# What is expected
How many lines in the material below contain the string "Women"? Answer with the number alone.

# Given records
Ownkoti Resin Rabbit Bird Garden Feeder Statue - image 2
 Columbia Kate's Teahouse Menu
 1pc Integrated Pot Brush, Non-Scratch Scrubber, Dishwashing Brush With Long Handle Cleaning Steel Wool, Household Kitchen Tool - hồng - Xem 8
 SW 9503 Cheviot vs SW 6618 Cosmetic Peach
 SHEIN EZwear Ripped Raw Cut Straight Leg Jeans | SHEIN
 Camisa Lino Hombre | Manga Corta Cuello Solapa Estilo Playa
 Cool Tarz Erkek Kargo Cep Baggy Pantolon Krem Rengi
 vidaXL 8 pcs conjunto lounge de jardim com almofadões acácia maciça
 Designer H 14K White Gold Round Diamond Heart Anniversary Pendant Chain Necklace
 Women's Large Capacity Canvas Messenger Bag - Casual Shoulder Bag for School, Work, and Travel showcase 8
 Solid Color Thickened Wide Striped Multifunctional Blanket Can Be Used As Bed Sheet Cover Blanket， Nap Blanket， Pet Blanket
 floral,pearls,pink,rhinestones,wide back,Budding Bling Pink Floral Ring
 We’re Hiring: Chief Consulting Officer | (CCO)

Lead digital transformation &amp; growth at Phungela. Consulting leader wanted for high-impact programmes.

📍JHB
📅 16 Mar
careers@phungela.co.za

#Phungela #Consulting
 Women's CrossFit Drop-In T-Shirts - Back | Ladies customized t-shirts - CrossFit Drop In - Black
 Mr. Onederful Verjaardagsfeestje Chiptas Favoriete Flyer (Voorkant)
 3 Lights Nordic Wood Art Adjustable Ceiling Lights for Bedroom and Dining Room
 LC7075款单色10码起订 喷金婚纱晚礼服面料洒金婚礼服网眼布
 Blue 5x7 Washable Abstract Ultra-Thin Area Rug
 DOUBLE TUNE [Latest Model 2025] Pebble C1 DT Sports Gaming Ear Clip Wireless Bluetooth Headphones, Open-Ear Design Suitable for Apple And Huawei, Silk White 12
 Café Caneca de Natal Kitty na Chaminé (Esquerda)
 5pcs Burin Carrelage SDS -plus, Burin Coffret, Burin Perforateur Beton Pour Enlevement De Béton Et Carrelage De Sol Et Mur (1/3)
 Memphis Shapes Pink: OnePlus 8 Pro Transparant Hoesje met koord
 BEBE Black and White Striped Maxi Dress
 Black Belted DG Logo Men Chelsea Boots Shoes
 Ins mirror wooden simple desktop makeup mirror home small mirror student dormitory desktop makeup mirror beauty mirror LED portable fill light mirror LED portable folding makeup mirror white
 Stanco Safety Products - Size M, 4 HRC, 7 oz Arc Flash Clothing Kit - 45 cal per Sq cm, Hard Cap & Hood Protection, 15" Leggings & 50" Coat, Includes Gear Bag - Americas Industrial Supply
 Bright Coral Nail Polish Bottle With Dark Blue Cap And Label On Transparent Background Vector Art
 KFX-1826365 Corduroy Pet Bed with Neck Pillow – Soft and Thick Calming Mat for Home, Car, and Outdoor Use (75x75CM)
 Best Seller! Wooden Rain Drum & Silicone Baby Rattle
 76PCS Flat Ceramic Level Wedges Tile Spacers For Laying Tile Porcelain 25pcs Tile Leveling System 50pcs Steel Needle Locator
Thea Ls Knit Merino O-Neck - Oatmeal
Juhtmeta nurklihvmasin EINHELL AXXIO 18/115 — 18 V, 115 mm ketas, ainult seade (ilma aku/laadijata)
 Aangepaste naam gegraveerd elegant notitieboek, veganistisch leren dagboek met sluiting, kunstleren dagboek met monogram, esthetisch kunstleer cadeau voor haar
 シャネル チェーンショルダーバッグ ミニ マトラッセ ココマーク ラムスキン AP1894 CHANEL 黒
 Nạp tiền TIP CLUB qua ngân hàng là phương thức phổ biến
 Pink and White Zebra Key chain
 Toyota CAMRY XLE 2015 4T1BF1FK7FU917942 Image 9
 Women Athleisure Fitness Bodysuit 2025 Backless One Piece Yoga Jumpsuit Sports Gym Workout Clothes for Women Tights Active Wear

# Written answer
3